Spezialisten Welcher TCM-Therapeut versteht sein Handwerk?

Rund 40000 deutsche Ärzte besitzen ein von der Krankenkasse anerkanntes Akupunktur-Diplom. Doch ob man gut oder schlecht behandelt wird, darüber sagt ein Diplom wenig...

Rund 40000 deutsche Ärzte besitzen ein von der Krankenkasse anerkanntes Akupunktur-Diplom. Ausgestellt ist es jeweils von einer Fachgesellschaft wie der Deutschen Ärztegesellschaft für Akupunktur (DÄGfA). Die meisten Mediziner haben das A-Diplom mit nur 140 Stunden Akupunktur-Weiterbildung - zu wenig, kritisieren Fachleute. Nur rund 2000 Ärzte verfügen über das höhere B-Diplom, das eine 350-Stunden-Ausbildung bescheinigt. Der Patient ist gut beraten, darauf zu achten. Denn wie bei allen manuellen Tätigkeiten gilt: Je geübter die Hand, desto zuverlässiger das Ergebnis. Doch der Anteil der besser Ausgebildeten dürfte auf lange Sicht weiter sinken: Denn nach einem Beschluss der Bundesärztekammer soll es noch in diesem Jahr eine formale ärztliche Zusatzqualifikation in Akupunktur geben. Anforderung: nur noch 200 Weiterbildungsstunden. Ob man individuell gut oder schlecht behandelt wird, darüber sagt ein Diplom wenig. "Das wissen Sie immer erst nach dem Nadeln", erklärt Heidi Rausch, Fortbildungsleiterin bei der Deutschen Ärztegesellschaft für Akupunktur (DÄGfA). "Viele Ärzte hospitieren drei Wochen in China im Krankenhaus, machen drei Wochen Besichtigungstouren und sagen, sie hätten in China studiert", moniert die Hamburger Heilpraktikerin Barbara Kirschbaum, Dozentin an der Privatuniversität Witten-Herdecke.

Nadeln ohne richtige Ausbildung

1500 Heilpraktiker gehören der Arbeitsgemeinschaft für Akupunktur und Traditionelle Chinesische Medizin an, deren Mitglied Kirschbaum ist. Sie alle haben mindestens 750 Stunden Akupunktur-Ausbildung hinter sich - mehr als so mancher Arzt. "Aber Akupunktur betreiben bestimmt 5000", schätzt sie. "Und wer davon eine profunde Ausbildung hat, kann Ihnen niemand sagen." Nach Angaben des Fachverbandes freier Heilpraktiker nadeln gar rund 7500 Heilpraktiker.
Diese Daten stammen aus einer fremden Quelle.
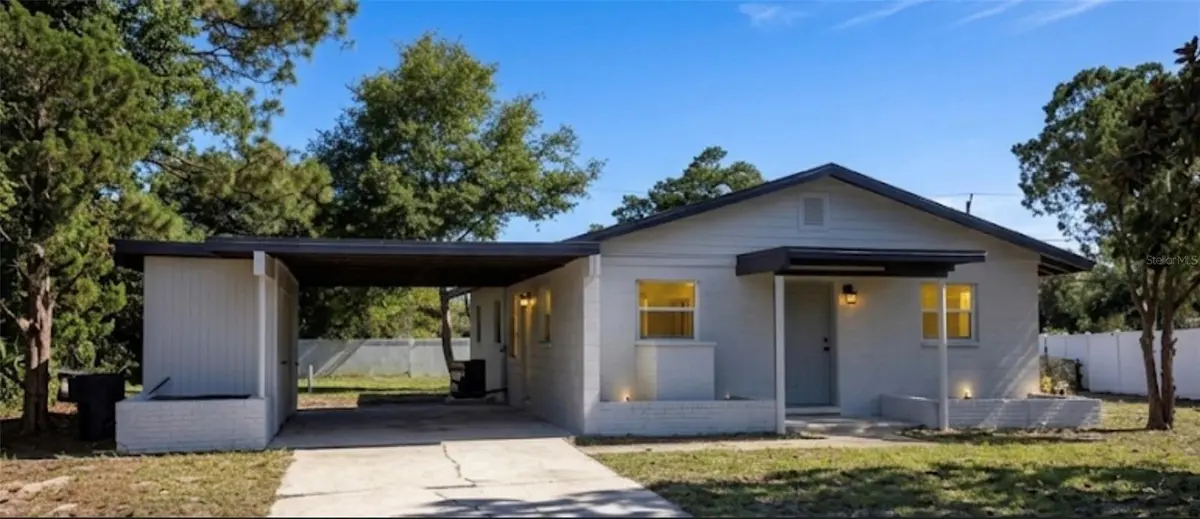 1011 MONTCLAIR RD, Cocoa, FL 32922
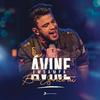 Boa Sorte Aí (Ao Vivo) - Avine Vinny
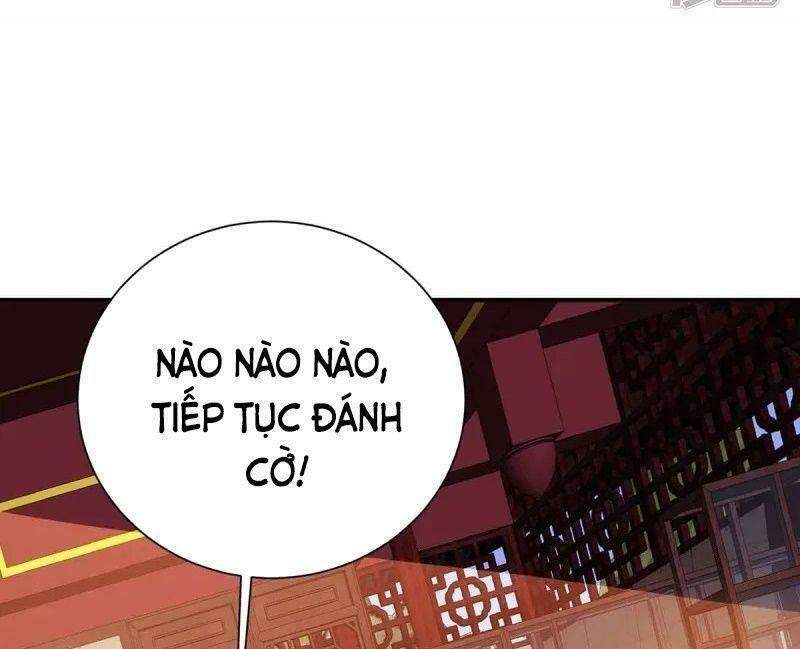 đọc truyện Ta Ở Dị Giới Nuôi Dưỡng Nam Thần: Thần Y Cửu Tiểu Thư Chương 106 ảnh 41 tại Thiên Thai Truyện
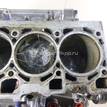 Фото Контрактный (б/у) двигатель BAR для Audi Q7 314-350 л.с 32V 4.2 л бензин 079100031N {forloop.counter}}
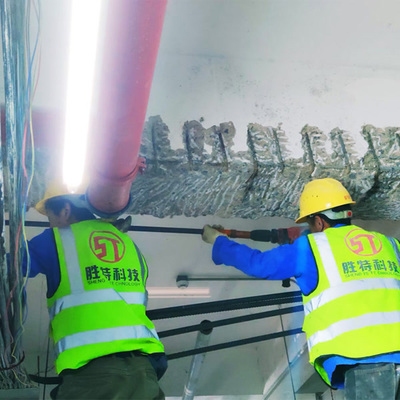 建筑加固設計師如何提升管理能力 行業(yè)新聞 第5張 建筑加固設計師如何提升管理能力 行業(yè)新聞 第5張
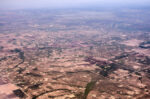 Η κρίσιμη ιστορική μεταβολή που πέρασε σχεδόν αθέατη και επέτρεψε τον πόλεμο του Τραμπ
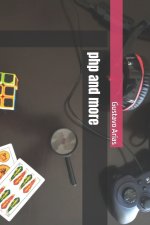 php and more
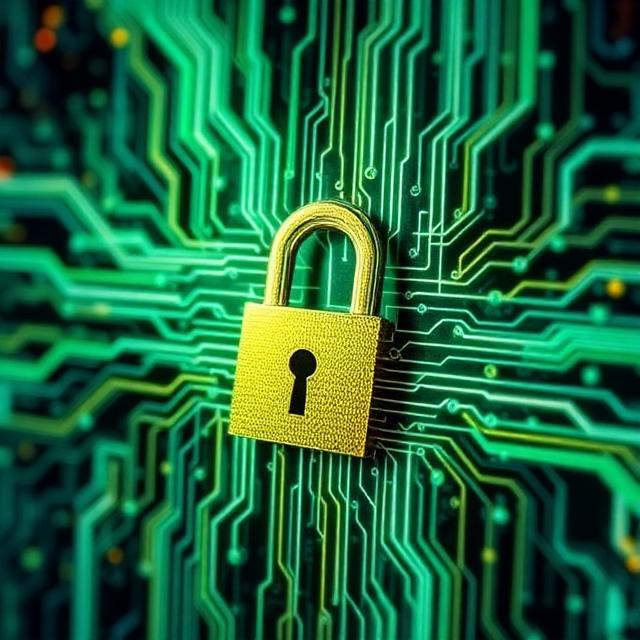 The Quantum Computing Threat to Encrypted Data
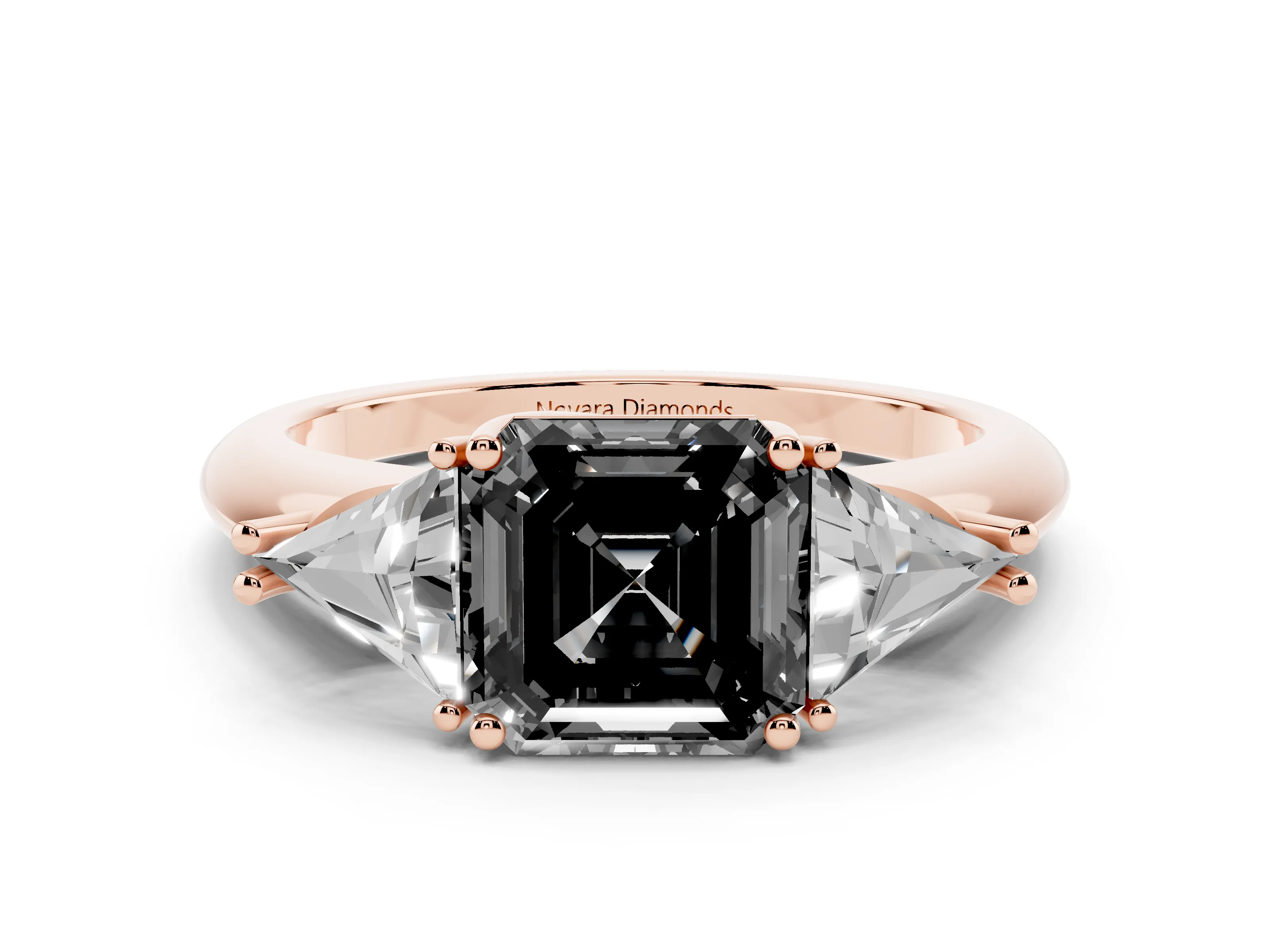 Asscher
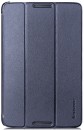 Чехол Lenovo A8-50 Folio Case and Film синий 8880165062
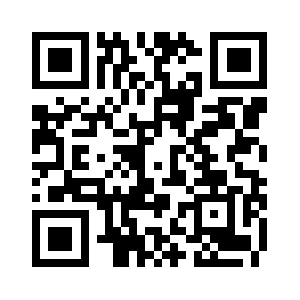 Home-business-room.org QR code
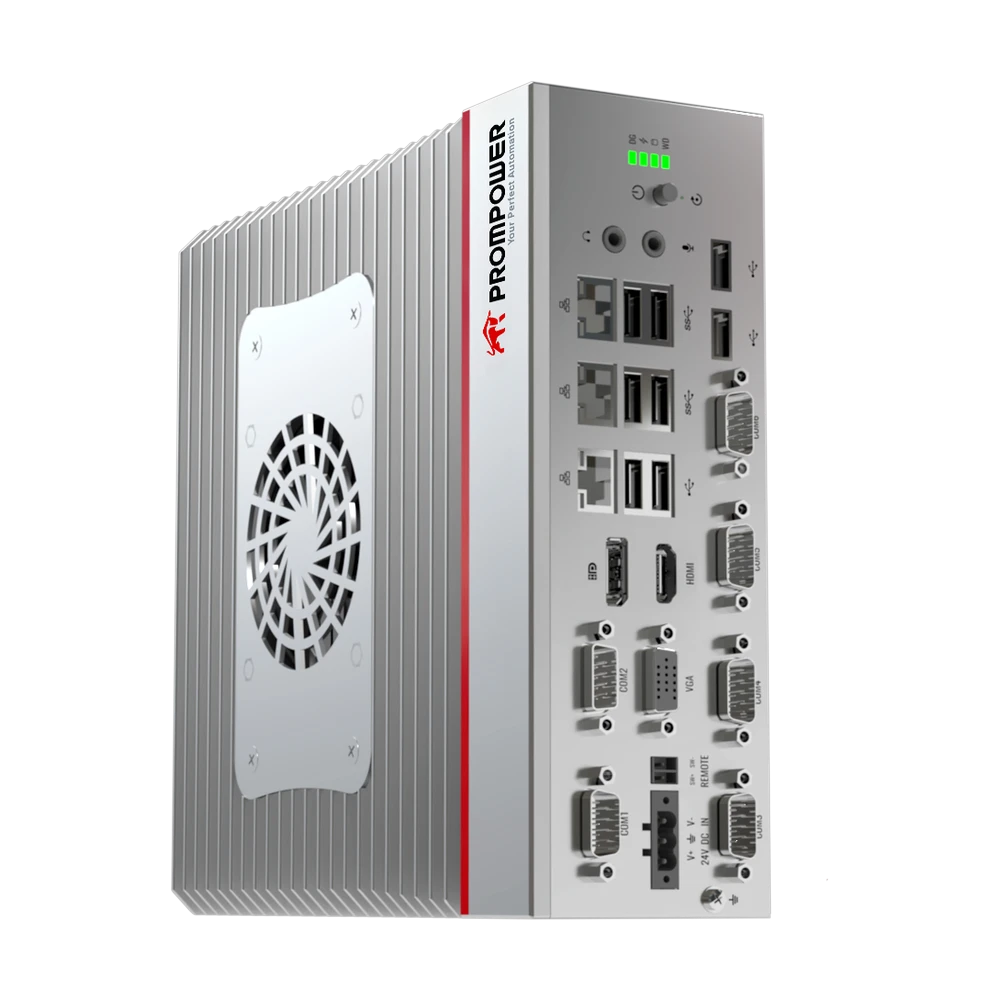PIPC-MM2-I512400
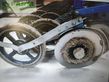 Combinado de siembra - Lemken - solitair 8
Um die Hebung des Ausbildungsstandes in der TCM insgesamt bemüht sich die Societas Medicinae Sinensis (SMS) in München. Sie fördert und erforscht seit 1978 die chinesische Heilkunst und bildet nur Ärzte aus. Seit Beginn des Jahres bietet sie 900- bis 1000-Stunden-Fortbildungen mit entsprechendem Zertifikat an. "Verpflichten können wir dazu leider niemanden", klagt ihr Vorsitzender, der Internist Josef Hummelsberger. Er sieht die TCM als Ergänzung zur Schulmedizin, keinesfalls als Allheilmittel. Er rät, Heilversuche auf eine vernünftige Dauer zu beschränken: "Eine akute Erkrankung sollte nach wenigen Tagen behoben sein, bei chronischen Leiden wie Rheuma müsste nach einigen Monaten eine messbare Besserung eingetreten sein. Wer nach einem halben Jahr keine deutlichen Fortschritte spürt, sollte überlegen, die Behandlung abzubrechen, dann ist die TCM nicht das Richtige.

"Überhaupt keinen Anhaltspunkt zu Ausbildung und Qualität haben Patienten bei chinesischen Therapeuten, die nicht bei einer der großen Gesellschaften akkreditiert sind. "Einen Professorentitel kann man in China schon für 1000 Euro kaufen", sagt Kirschbaum. "Die Chinesen lassen sich ungern in die Karten gucken, weder hier noch in China", so auch die Erfahrung des Münchner Neurologen und TCM-Arztes Michael Hammes, der vier Jahre lang im Reich der Mitte gelebt hat. "In der Regel dauert es Jahre, bis ein Chinese Wissen preisgibt, oft erst nach einer kleinen Gefälligkeit wie der Einladung zu einer Vortragsreise durch Deutschland." Auch die Qualität chinesischer TCM-Ärzte in deutschen Kliniken lasse sich nur schwer überprüfen. "Meist mischt die kommunistische Partei bei der Entscheidung mit, wer hier herübergelassen wird, da geht es selten um medizinische Qualifikationen, sondern häufig um gute Verbindungen."